[Instructions to follow]: Please transcribe the data that follows exactly as given, leaving out every picture.

Collection entries
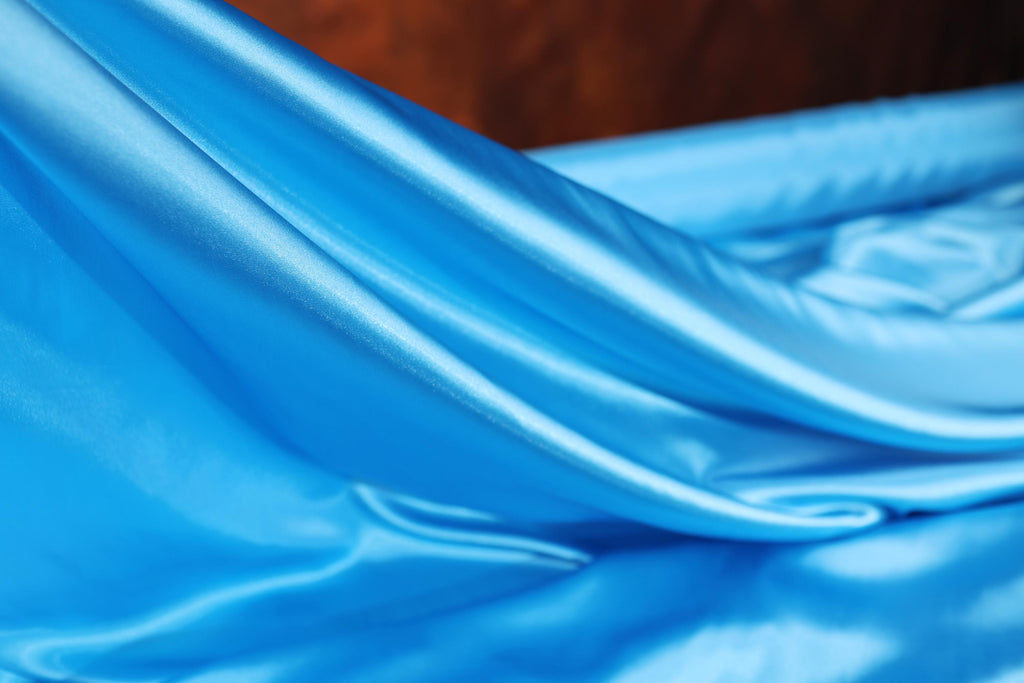 a close up of a blue cloth on a bed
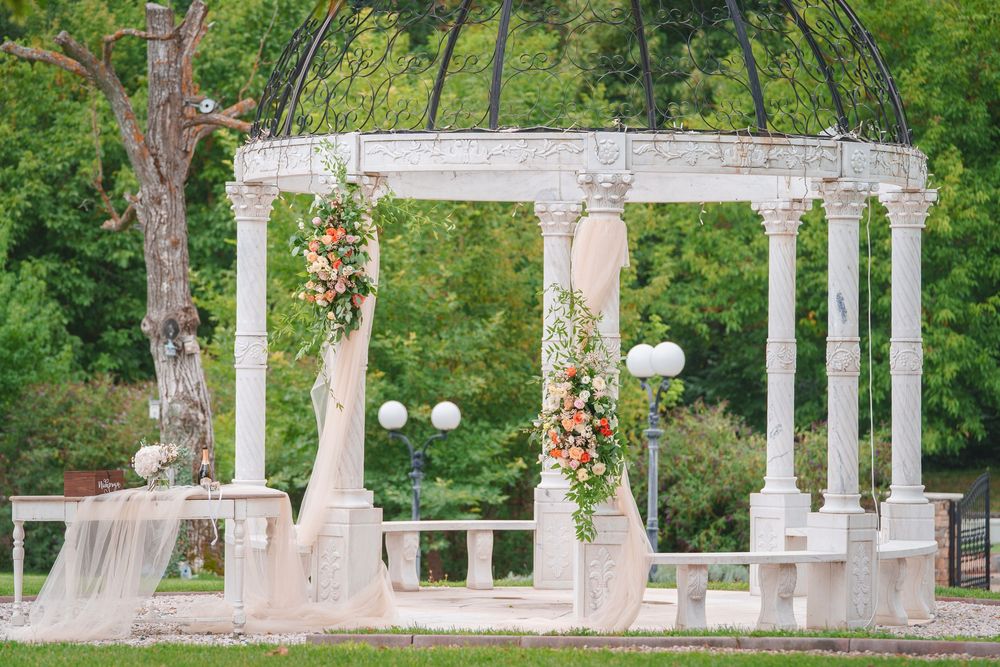 White wedding pergola decorated with floral arrangements stands in a lush green garden setting.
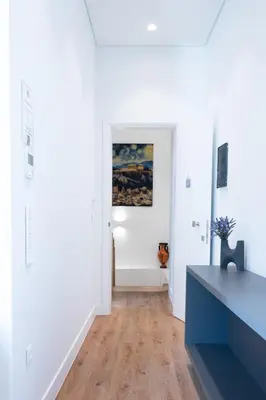 a living room with white walls and a blue table at Athinaidos rooms Prime location in Athens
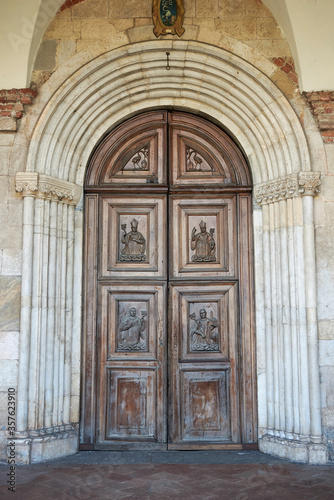 View of Santa Maria di Chiaravalle wood entrance door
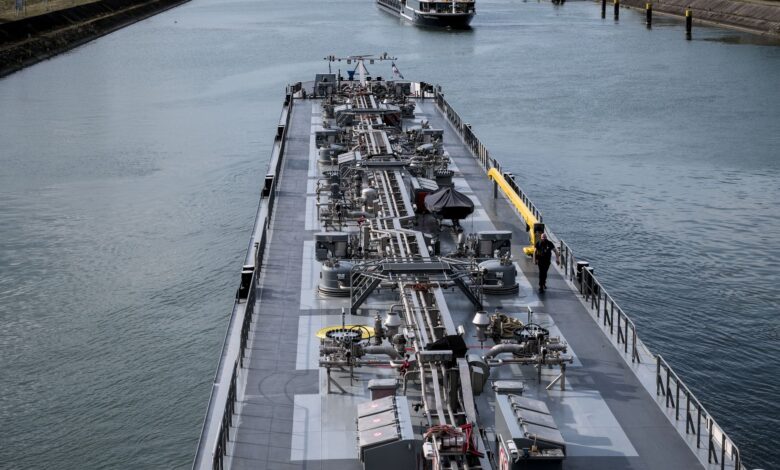 A cargo barge traveling through an industrial freight canal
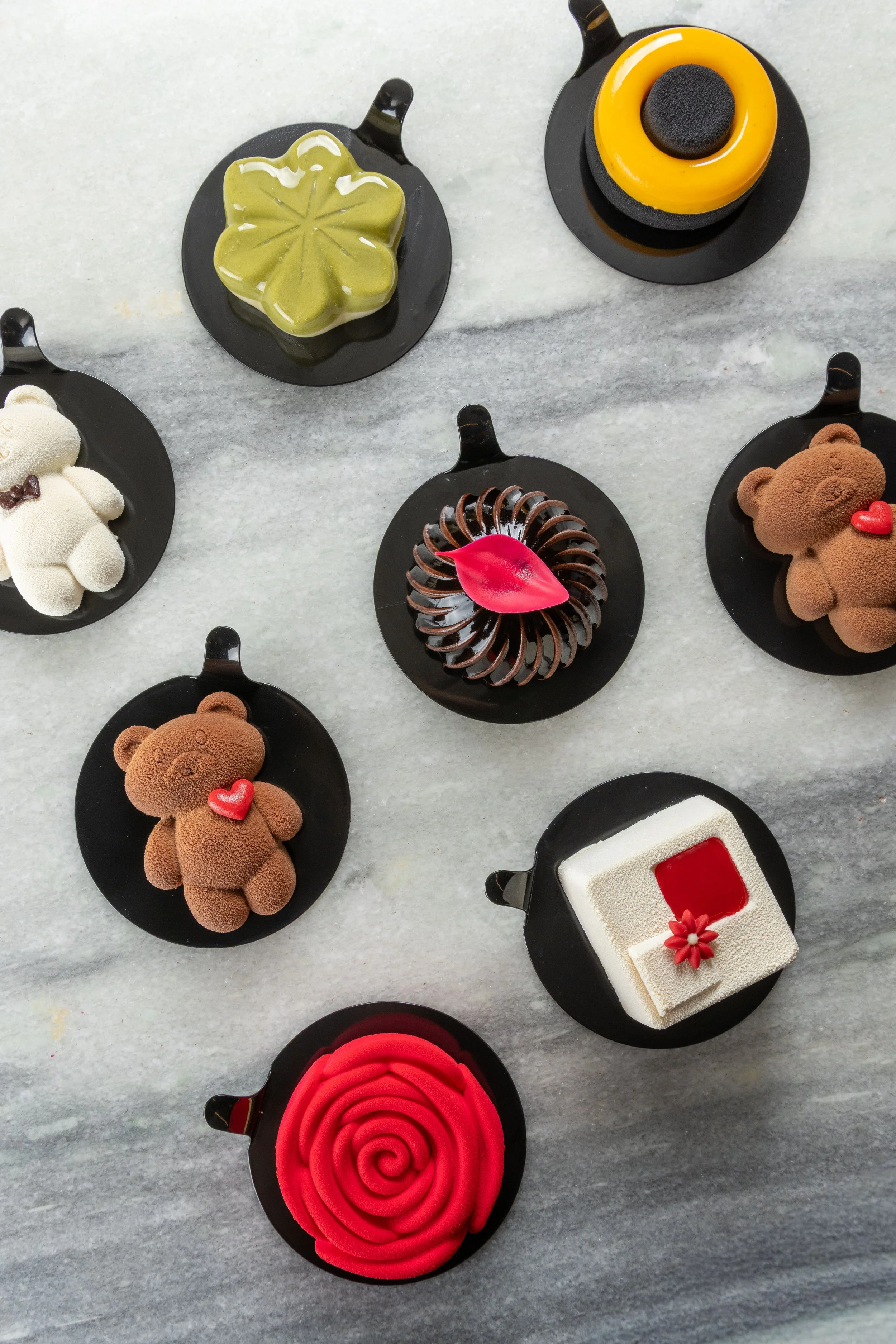 Seleção de doces individuais da Ahto Pâtisserie, com diferentes formatos, cores e acabamentos, produzidos artesanalmente em São Paulo.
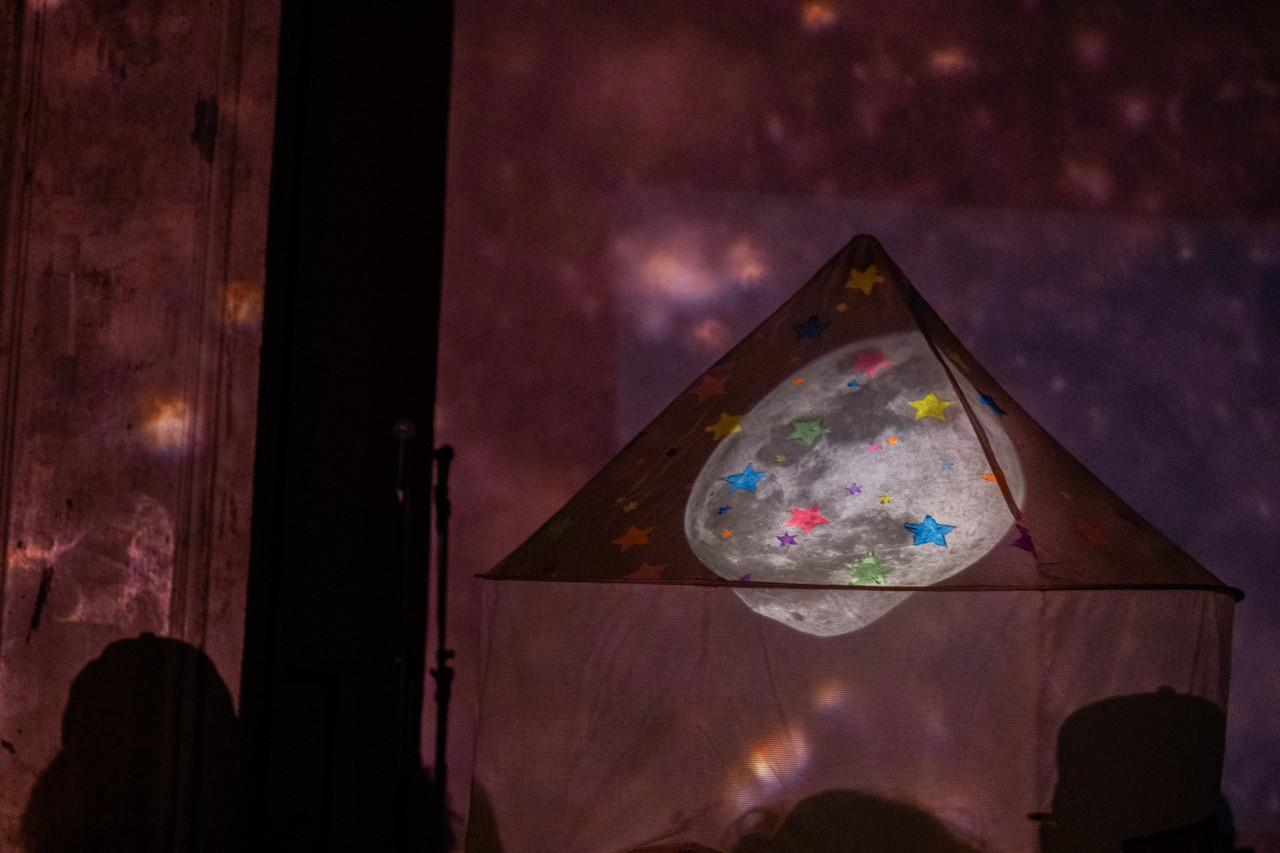 Color image of a fabric tent with an image of the moon projected on the top. The top of the tent is decorated with multicolored stars. The tent and the wall behind it are bathed in pale pink light, with small speckles of white light.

[Answer to the exercise]:
 a close up of a blue cloth on a bed
 White wedding pergola decorated with floral arrangements stands in a lush green garden setting.
 a living room with white walls and a blue table at Athinaidos rooms Prime location in Athens
 View of Santa Maria di Chiaravalle wood entrance door
 A cargo barge traveling through an industrial freight canal
 Seleção de doces individuais da Ahto Pâtisserie, com diferentes formatos, cores e acabamentos, produzidos artesanalmente em São Paulo.
 Color image of a fabric tent with an image of the moon projected on the top. The top of the tent is decorated with multicolored stars. The tent and the wall behind it are bathed in pale pink light, with small speckles of white light.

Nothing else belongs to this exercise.